Merkel’in şifreleri ve son dakika girişimi

ANKARA’nın dün Brüksel’e götürdüğü öneriler tıkanıklığı aşmaya yetecek mi? Pazarlıkların bugün de devam edeceği anlaşılıyor ama önemli bir gelişme beklenmiyor.

Yine de dönem başkanı Finlandiya’nın girişiminin başarısızlığa uğramasından sonra böyle bir çıkış, Türkiye’nin hem Avrupa Birliği sürecinin devamı konusundaki isteğini, hem de Kıbrıs’ta gerçekten çözüm istediğini göstermesi açısından olumlu bir girişim.

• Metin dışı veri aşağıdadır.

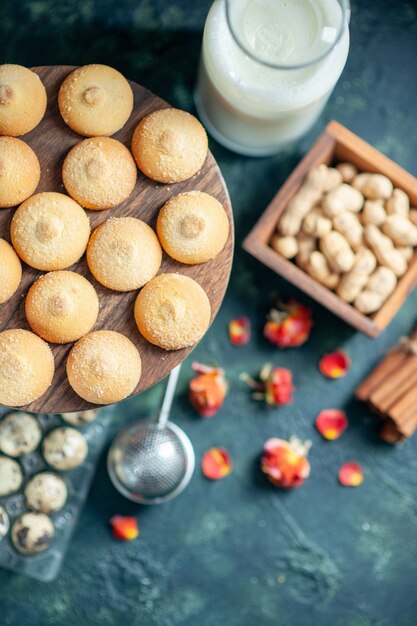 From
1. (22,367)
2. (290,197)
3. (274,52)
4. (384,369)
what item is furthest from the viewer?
(384,369)

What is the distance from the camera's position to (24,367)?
1087mm

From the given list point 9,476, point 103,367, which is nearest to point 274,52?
point 103,367

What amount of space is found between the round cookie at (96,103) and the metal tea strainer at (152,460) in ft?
1.77

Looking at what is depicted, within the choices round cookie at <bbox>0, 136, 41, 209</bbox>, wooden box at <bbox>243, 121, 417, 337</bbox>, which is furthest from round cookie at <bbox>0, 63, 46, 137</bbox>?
wooden box at <bbox>243, 121, 417, 337</bbox>

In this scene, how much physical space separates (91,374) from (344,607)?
32.0 inches

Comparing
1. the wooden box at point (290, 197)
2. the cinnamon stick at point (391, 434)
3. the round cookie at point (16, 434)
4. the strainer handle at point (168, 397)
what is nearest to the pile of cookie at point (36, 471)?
the round cookie at point (16, 434)

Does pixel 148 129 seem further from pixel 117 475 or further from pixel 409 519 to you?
pixel 409 519

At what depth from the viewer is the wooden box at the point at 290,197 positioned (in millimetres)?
1364

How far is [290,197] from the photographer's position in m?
1.40

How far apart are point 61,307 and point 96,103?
301mm

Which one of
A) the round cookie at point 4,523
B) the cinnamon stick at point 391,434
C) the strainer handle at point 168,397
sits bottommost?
the round cookie at point 4,523

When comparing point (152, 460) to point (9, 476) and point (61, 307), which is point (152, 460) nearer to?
point (9, 476)

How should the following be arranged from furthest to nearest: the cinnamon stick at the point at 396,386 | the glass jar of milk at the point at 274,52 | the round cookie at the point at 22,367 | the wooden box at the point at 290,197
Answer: the cinnamon stick at the point at 396,386
the wooden box at the point at 290,197
the glass jar of milk at the point at 274,52
the round cookie at the point at 22,367

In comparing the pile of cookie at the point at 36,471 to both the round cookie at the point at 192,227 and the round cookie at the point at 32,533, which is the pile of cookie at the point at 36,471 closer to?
the round cookie at the point at 32,533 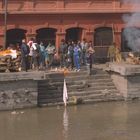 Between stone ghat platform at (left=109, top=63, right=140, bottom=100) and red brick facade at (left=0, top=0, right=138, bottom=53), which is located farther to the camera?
red brick facade at (left=0, top=0, right=138, bottom=53)

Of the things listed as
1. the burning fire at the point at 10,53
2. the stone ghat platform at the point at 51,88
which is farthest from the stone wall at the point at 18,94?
the burning fire at the point at 10,53

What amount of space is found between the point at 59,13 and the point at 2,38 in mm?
3778

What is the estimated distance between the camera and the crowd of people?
28.6m

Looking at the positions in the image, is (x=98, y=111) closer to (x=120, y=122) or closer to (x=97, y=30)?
(x=120, y=122)

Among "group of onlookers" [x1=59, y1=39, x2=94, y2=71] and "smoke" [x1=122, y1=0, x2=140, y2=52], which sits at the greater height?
"smoke" [x1=122, y1=0, x2=140, y2=52]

Ancak böyle kritik bir kararın, gizli kapaklı oluşturulup ortaya atılması ciddiyetini gölgeliyor.

KKTC yönetimi bile son ana kadar önerinin ayrıntısından habersizdi.

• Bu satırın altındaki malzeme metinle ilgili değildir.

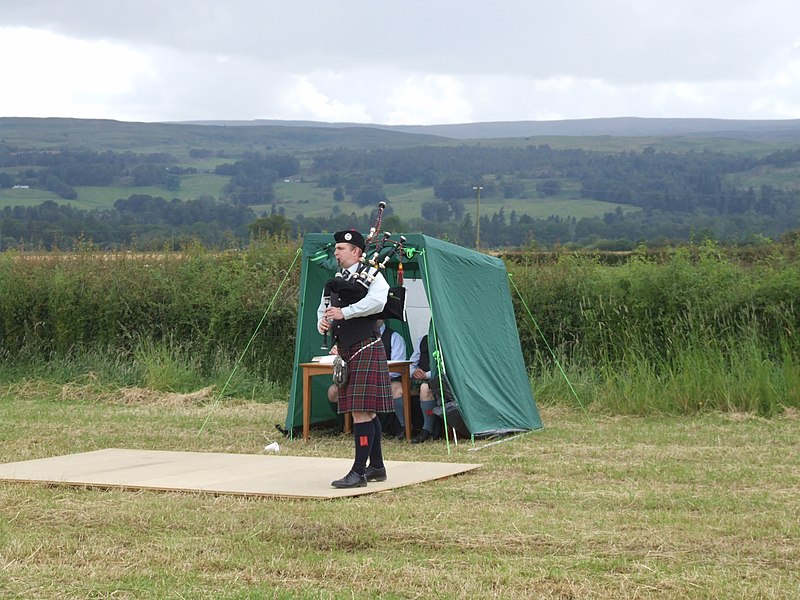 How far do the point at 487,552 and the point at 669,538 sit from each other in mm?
845

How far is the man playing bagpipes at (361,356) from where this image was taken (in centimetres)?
652

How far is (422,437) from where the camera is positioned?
29.7ft

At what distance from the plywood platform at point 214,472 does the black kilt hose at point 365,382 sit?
17.6 inches

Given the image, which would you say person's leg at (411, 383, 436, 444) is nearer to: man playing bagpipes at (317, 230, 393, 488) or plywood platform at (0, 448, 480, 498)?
plywood platform at (0, 448, 480, 498)

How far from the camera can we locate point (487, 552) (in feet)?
16.0

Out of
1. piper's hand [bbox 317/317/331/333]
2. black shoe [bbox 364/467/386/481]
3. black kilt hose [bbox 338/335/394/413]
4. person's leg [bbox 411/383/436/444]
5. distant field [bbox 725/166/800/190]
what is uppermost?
piper's hand [bbox 317/317/331/333]

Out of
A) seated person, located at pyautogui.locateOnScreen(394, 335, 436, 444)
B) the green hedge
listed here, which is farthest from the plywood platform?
the green hedge

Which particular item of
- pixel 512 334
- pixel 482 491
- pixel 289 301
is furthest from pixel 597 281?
pixel 482 491

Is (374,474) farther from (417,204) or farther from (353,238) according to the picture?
(417,204)

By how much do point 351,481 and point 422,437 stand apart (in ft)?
8.90

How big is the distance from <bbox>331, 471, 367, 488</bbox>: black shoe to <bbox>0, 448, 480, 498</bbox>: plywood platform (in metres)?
0.05

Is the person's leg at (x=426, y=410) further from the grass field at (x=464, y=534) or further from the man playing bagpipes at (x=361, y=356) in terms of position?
the man playing bagpipes at (x=361, y=356)

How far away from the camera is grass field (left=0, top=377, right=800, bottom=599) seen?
4.35 metres

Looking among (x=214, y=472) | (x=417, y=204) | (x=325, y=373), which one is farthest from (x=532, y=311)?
(x=417, y=204) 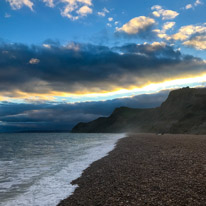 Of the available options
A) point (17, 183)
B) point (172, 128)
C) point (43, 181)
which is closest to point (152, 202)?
point (43, 181)

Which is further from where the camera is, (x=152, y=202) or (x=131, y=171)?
(x=131, y=171)

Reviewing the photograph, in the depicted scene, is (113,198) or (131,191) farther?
(131,191)

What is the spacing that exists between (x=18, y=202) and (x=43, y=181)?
5.05 m

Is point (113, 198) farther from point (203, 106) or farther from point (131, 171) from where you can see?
point (203, 106)

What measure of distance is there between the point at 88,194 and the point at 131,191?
2.51 metres

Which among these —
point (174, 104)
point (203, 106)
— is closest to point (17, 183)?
point (203, 106)

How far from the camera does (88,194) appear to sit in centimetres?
1168

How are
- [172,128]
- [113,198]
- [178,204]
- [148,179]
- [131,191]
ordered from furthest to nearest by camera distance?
1. [172,128]
2. [148,179]
3. [131,191]
4. [113,198]
5. [178,204]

Bu taktik, Komisyonun sekiz maddenin dondurulmasıyla ilgili tavsiyesini yumuşatmaya yetse de yetmese de resmin bütününü gözden kaçırmamak gerekiyor.

* * *

"TEKNİK hazırlıkları tamamlanmış olan fasıllarda müzakerelerin açılması engellenmeyecektir."

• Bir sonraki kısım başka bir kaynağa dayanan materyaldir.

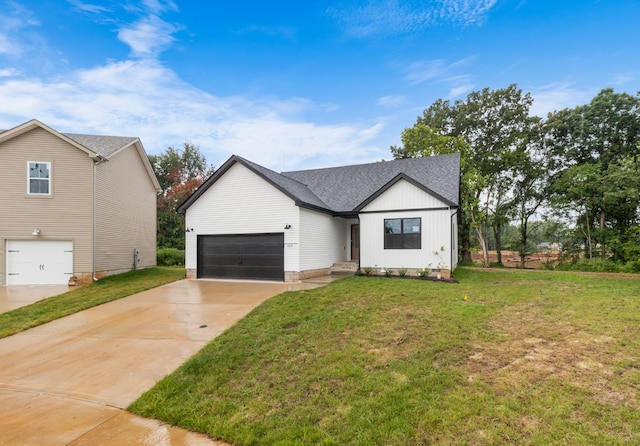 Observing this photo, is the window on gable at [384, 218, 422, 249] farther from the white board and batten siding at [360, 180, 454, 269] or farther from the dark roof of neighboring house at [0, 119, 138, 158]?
the dark roof of neighboring house at [0, 119, 138, 158]

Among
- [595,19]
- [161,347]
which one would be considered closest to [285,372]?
[161,347]

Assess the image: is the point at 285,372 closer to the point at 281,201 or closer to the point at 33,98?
the point at 281,201

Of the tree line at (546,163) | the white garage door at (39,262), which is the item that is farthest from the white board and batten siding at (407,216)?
the white garage door at (39,262)

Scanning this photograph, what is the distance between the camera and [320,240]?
48.4 ft

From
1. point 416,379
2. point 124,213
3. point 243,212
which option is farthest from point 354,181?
point 416,379

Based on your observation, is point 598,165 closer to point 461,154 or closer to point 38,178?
point 461,154

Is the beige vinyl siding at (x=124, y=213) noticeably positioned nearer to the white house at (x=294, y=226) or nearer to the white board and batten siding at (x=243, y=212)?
the white house at (x=294, y=226)

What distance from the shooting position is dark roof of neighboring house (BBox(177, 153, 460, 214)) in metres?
13.7

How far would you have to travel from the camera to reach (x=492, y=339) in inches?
216

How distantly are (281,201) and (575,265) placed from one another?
1897 centimetres

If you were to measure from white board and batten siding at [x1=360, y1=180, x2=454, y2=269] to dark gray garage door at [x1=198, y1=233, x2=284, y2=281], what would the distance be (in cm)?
399

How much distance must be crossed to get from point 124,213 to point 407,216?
14479mm

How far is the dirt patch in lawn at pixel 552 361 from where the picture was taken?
150 inches

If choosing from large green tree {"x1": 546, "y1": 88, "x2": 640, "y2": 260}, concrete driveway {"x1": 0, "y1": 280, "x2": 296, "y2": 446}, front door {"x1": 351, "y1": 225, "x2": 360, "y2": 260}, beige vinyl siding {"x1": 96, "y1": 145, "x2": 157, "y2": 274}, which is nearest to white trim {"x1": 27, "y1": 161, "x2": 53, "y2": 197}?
beige vinyl siding {"x1": 96, "y1": 145, "x2": 157, "y2": 274} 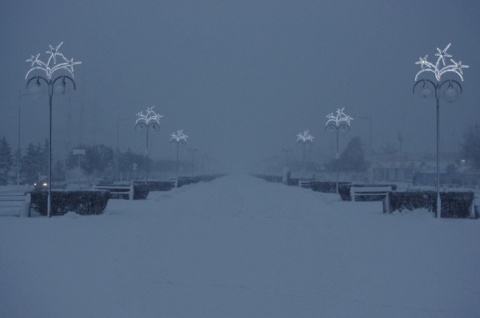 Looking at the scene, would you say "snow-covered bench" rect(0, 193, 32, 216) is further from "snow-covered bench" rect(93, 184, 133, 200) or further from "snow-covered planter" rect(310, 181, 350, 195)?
"snow-covered planter" rect(310, 181, 350, 195)

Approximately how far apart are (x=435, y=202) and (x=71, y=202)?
13927mm

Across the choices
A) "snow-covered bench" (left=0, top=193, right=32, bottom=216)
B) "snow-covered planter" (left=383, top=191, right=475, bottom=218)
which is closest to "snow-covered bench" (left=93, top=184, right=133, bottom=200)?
"snow-covered bench" (left=0, top=193, right=32, bottom=216)

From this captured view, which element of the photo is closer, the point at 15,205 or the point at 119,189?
the point at 15,205

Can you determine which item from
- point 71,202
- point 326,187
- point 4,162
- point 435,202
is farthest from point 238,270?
point 4,162

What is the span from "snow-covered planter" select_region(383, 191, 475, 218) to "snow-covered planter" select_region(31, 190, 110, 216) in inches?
452

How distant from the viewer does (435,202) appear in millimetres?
18906

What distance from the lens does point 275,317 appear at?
20.7 feet

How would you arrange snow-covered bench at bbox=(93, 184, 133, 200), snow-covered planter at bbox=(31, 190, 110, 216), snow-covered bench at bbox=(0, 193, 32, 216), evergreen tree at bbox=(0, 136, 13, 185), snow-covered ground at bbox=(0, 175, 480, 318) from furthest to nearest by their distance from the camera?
evergreen tree at bbox=(0, 136, 13, 185) → snow-covered bench at bbox=(93, 184, 133, 200) → snow-covered planter at bbox=(31, 190, 110, 216) → snow-covered bench at bbox=(0, 193, 32, 216) → snow-covered ground at bbox=(0, 175, 480, 318)

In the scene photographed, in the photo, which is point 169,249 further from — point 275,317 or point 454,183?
point 454,183

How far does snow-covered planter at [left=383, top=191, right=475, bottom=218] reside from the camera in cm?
1870

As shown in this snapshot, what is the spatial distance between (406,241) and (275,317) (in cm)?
742

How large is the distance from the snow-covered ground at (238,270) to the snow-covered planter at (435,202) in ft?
8.23

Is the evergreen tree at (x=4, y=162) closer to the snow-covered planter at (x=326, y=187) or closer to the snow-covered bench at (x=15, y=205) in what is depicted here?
the snow-covered planter at (x=326, y=187)

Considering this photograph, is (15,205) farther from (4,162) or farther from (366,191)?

Eğer Avrupa Birliği Liderler Zirvesi’nin sonunda yayınlanacak belgedeki Türkiye paragrafına buna benzer bir cümle girmezse, çok sancılı başlamış olan müzakere sürecinin devam etmesi zaten olanaksız. Ültimatoma filan ihtiyaç yok.

İlk faslın açılıp geçici olarak kapandığı 12 Haziran’dan bu yana donmuş durumda olan sürecin, hareketlenmesi için ancak böyle bir irade gerekiyor.

Çünkü fasılların açılmasıyla ilgili tartışmalar, en alt komiteyi bile aşamıyor henüz. Rumların ve süreci yavaşlatmak isteyen her üye ülkenin elinde bu olanak var.

* * *

EVET Merkel
ve Chirac, İngiltere’nin çabaları sonucunda, keskin bir tavır göstermekten geri durdular. Ama bu takvim konusunun tamamen ortadan kalktığı anlamına gelmiyor.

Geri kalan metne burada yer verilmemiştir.